How to complete this task
The required output is the exact run of lines in the listing below from the line holding "vidaXL Tuinparasol 395" through the line holding "Lourido Bairro to", with no pictures.

Data extracts
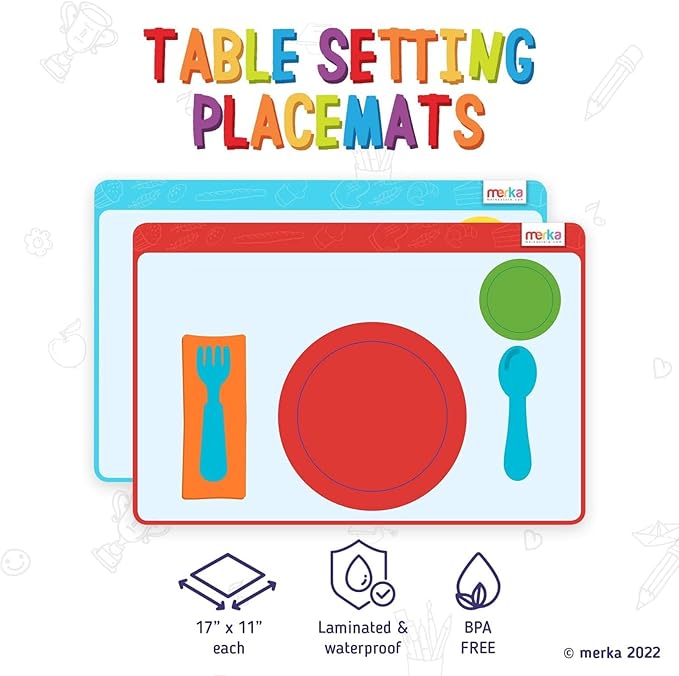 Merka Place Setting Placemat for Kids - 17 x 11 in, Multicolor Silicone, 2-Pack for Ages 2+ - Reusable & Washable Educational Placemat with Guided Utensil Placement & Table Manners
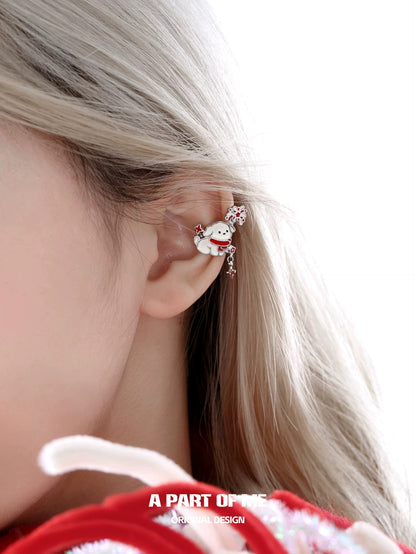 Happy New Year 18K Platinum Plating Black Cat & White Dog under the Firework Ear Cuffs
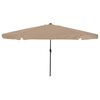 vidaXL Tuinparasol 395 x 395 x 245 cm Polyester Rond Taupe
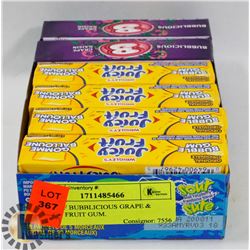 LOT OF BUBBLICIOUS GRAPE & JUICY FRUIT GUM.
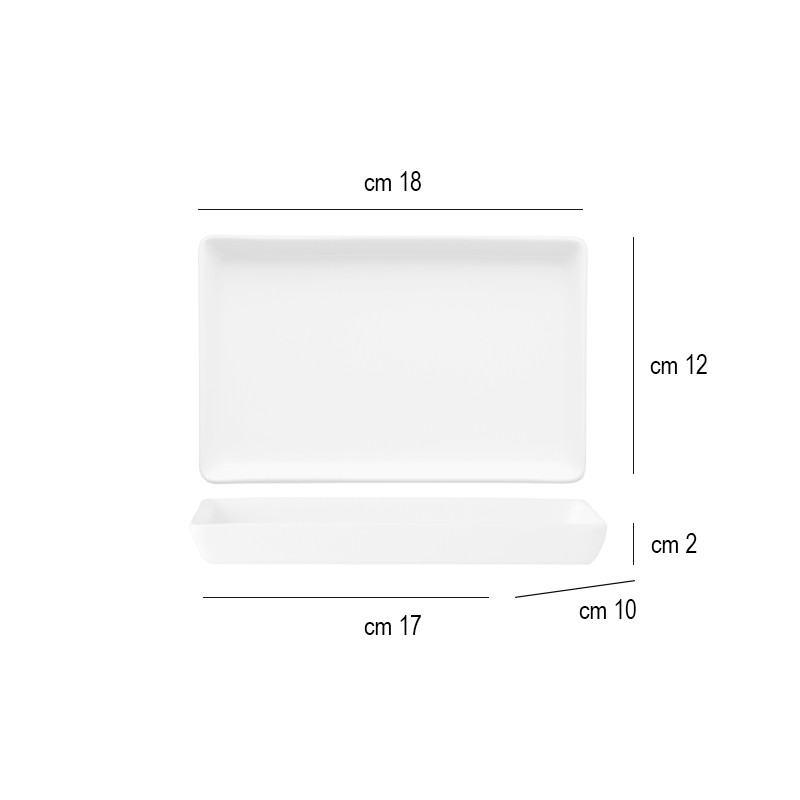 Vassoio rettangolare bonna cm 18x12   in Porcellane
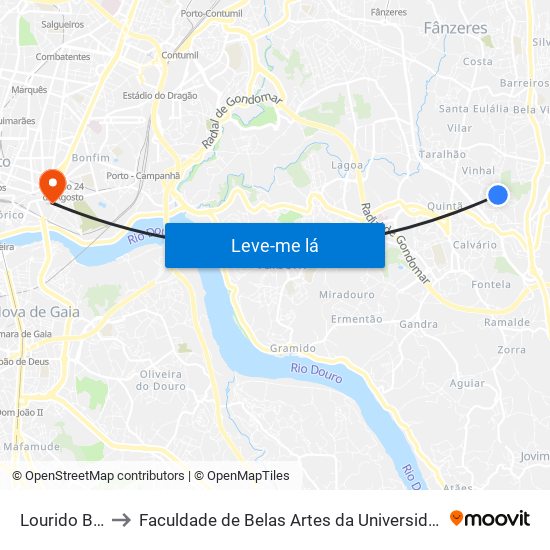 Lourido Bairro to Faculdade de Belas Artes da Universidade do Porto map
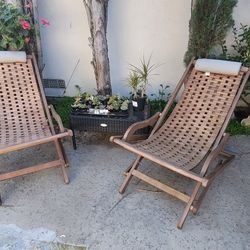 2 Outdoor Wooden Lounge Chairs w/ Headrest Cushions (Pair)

The completed task
 vidaXL Tuinparasol 395 x 395 x 245 cm Polyester Rond Taupe
 LOT OF BUBBLICIOUS GRAPE & JUICY FRUIT GUM.
 Vassoio rettangolare bonna cm 18x12   in Porcellane
 Lourido Bairro to Faculdade de Belas Artes da Universidade do Porto map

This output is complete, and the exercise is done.